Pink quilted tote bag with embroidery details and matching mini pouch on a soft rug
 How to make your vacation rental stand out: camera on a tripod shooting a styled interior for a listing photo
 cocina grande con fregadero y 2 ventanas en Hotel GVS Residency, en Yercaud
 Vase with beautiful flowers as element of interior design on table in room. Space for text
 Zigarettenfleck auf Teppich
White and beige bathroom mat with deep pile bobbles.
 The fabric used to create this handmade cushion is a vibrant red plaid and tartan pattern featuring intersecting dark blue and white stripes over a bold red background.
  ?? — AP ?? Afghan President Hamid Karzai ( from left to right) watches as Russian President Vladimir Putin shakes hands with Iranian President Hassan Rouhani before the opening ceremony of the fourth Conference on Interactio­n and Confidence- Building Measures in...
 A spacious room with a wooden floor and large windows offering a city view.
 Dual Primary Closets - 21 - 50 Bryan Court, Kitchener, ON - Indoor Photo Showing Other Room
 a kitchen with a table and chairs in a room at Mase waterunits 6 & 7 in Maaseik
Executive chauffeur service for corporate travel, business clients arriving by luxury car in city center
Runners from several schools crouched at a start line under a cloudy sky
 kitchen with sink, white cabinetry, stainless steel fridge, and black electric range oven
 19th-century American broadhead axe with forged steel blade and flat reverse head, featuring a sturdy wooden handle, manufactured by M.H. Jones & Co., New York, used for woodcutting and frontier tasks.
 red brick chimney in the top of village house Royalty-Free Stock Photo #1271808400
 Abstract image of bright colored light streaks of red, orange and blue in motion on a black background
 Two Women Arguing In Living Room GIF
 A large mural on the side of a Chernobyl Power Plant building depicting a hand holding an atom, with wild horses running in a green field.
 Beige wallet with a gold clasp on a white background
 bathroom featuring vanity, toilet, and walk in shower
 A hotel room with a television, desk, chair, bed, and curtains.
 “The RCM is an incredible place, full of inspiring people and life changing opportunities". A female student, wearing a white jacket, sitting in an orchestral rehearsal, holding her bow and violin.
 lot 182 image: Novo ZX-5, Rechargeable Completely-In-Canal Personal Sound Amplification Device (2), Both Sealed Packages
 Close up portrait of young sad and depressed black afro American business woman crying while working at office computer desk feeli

---*---

With nothing left out, copy every record exactly.

(Your response)
Pink quilted tote bag with embroidery details and matching mini pouch on a soft rug
 How to make your vacation rental stand out: camera on a tripod shooting a styled interior for a listing photo
 cocina grande con fregadero y 2 ventanas en Hotel GVS Residency, en Yercaud
 Vase with beautiful flowers as element of interior design on table in room. Space for text
 Zigarettenfleck auf Teppich
White and beige bathroom mat with deep pile bobbles.
 The fabric used to create this handmade cushion is a vibrant red plaid and tartan pattern featuring intersecting dark blue and white stripes over a bold red background.
  ?? — AP ?? Afghan President Hamid Karzai ( from left to right) watches as Russian President Vladimir Putin shakes hands with Iranian President Hassan Rouhani before the opening ceremony of the fourth Conference on Interactio­n and Confidence- Building Measures in...
 A spacious room with a wooden floor and large windows offering a city view.
 Dual Primary Closets - 21 - 50 Bryan Court, Kitchener, ON - Indoor Photo Showing Other Room
 a kitchen with a table and chairs in a room at Mase waterunits 6 & 7 in Maaseik
Executive chauffeur service for corporate travel, business clients arriving by luxury car in city center
Runners from several schools crouched at a start line under a cloudy sky
 kitchen with sink, white cabinetry, stainless steel fridge, and black electric range oven
 19th-century American broadhead axe with forged steel blade and flat reverse head, featuring a sturdy wooden handle, manufactured by M.H. Jones & Co., New York, used for woodcutting and frontier tasks.
 red brick chimney in the top of village house Royalty-Free Stock Photo #1271808400
 Abstract image of bright colored light streaks of red, orange and blue in motion on a black background
 Two Women Arguing In Living Room GIF
 A large mural on the side of a Chernobyl Power Plant building depicting a hand holding an atom, with wild horses running in a green field.
 Beige wallet with a gold clasp on a white background
 bathroom featuring vanity, toilet, and walk in shower
 A hotel room with a television, desk, chair, bed, and curtains.
 “The RCM is an incredible place, full of inspiring people and life changing opportunities". A female student, wearing a white jacket, sitting in an orchestral rehearsal, holding her bow and violin.
 lot 182 image: Novo ZX-5, Rechargeable Completely-In-Canal Personal Sound Amplification Device (2), Both Sealed Packages
 Close up portrait of young sad and depressed black afro American business woman crying while working at office computer desk feeli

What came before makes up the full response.